I doubt it. The immune response matures and completes over a period of about four weeks normally. A temporary high lymphocyte count occurs early on in a viral infection and for longer in EBV infection. Counts vary a lot so I would not pay much notice to a single reading to be honest.

Thanks. Just realised that I made a mistake - it was leukocytes/WBC, not lymphocytes, so the value was normal after all.

Oh, my ME brain!

 

[Kati]

I am afraid to say that I am sceptical about this sort of biochemical discussion. Do we have data from blinded trials of B12 and folate in ME? I think not. Without that my instinct is to think that PWME feel better after taking vitamins for the same reason that millions of other people feel better after taking vitamins - probably nothing to do with needing vitamins. And the various changes you suggest might relate to glutathione I cannot think will actually make any significant difference to basic metabolic pathways, except pregnancy which changes everything so we could blame anything else just as much.

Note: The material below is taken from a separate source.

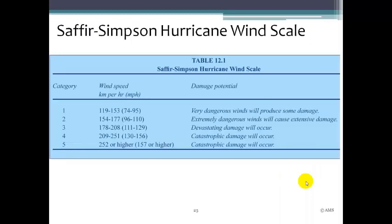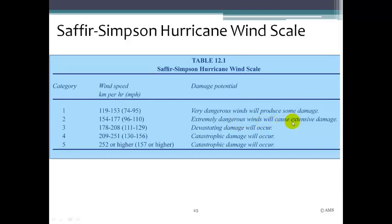The Saffir-Simpson scale is a way of measuring hurricane wind speed and associated damages, then categorizing the hurricane based on that. The first column shows the category, the second shows wind speed in kilometers per hour and miles per hour, and then the damage potential. A Category 1 has dangerous winds producing some damage. Category 2 is extremely dangerous with extensive damage. Category 3, winds 111–129 mph, devastating damage. Category 4, winds up to 156 mph, catastrophic damage. Category 5, winds 157 mph or higher — again, catastrophic damage.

I fear all the talk of B12 sounds like using scientific language without any true grasp of what would actually happen in reality. Long ago I learnt only to believe an effect where you had a quantitative 'dose-response' type relation. A theory that predicts something goes up is pretty useless. A theory that predicts something will go up somewhere between 0.35 and 0.45 units with a dose of 60mg and 0.75-0.85 units with 90mg is worth testing. Show me a glutathione dose response curve in a blinded trial of vitamins in ME patients and I will take note.

I hate to sound a spoilsport in regard to suggestions from patients, particularly as so many insightful comments come up on PR. But I have to stick to Spock mode and be dispassionate about all the theories around. We want the right answer. Methylation does not add up to me, at least so far.

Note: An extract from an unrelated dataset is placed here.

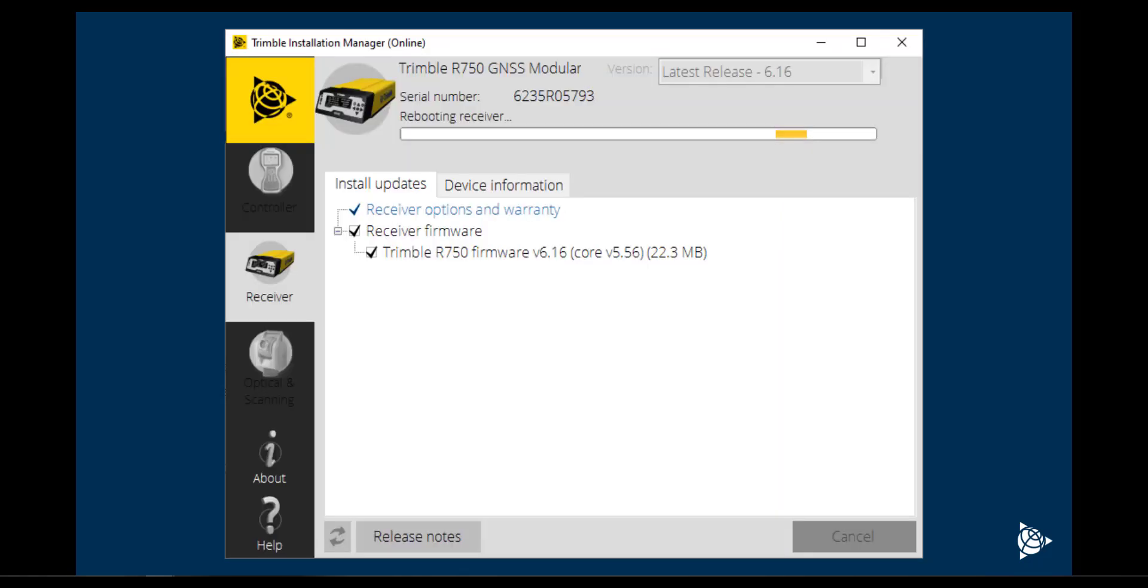The receiver's firmware will be updated and a progress status bar will be displayed at the top of the page. This could take several minutes.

@Jonathan Edwards I really appreciate your skepticism.

In my opinion, patients are desperate and will experiement a lot and will also subscibe to theories or anedoctal reports of improvements. We are all different and what one reports as helpful could be due to so many different things, or could be just temporary or represent the placebo effect.

We need to realize that if the majority of us is still on the furums, we haven't been cured of what ails us.

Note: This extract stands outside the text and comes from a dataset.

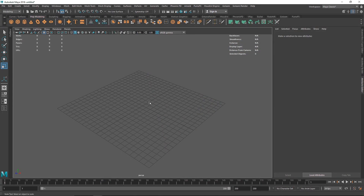Welcome back guys! Today we are going to be creating subtle abstract art inside of Maya and Arnold. We are going to be using a little bit of MASH and some Arnold, so let's get started.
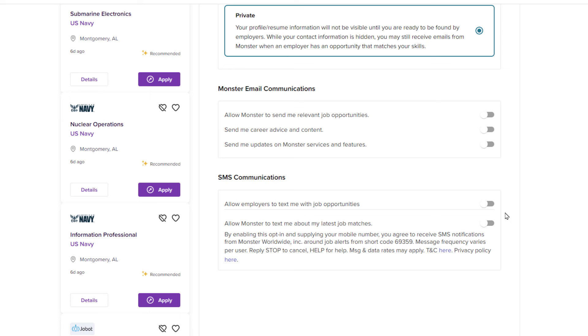And that would be how you pause your account on Monster.com. Thanks for watching.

Regarding methylation protocol and generitc data. Have you ever looked at MTHFR gene mutation apparently is supposed to be the cause of a wide array of diseases? It's too good to be true. The other aspect that makes me skeptical is that apparently if it's not working, it's because you haven't done it right. give me a break.

i will see it when there is good research showing proofs of that. Personally I tested homozygous for one gene, have been on methyl B-12 and folate for 6 months, and there is absolutely no change in my condition. i am not going to discuss this further in case someone is wanting to tell me to try another brand or asking whether I did not 'methyl trap.' Avd I will not pay the 30$ a months it take for methylfolate, I bet it all goes in the sewage in the end.

We need sound research out there, and of course funding for our researchers.
Thank you @Jonathan Edwards

 

[JalapenoLuv]

Kati,
The methylation protocol doesn't address the underlying CFS factors. After all, CFS patinets only get sick after they get some sort of infection. So it stands to reason that prior to the infection they were methylating fine. Granted that genetic mutations occur that can make people more stressed with this disease but it isn't the cause and so taking these supplements isn't going to cure you. That said, if they help use them.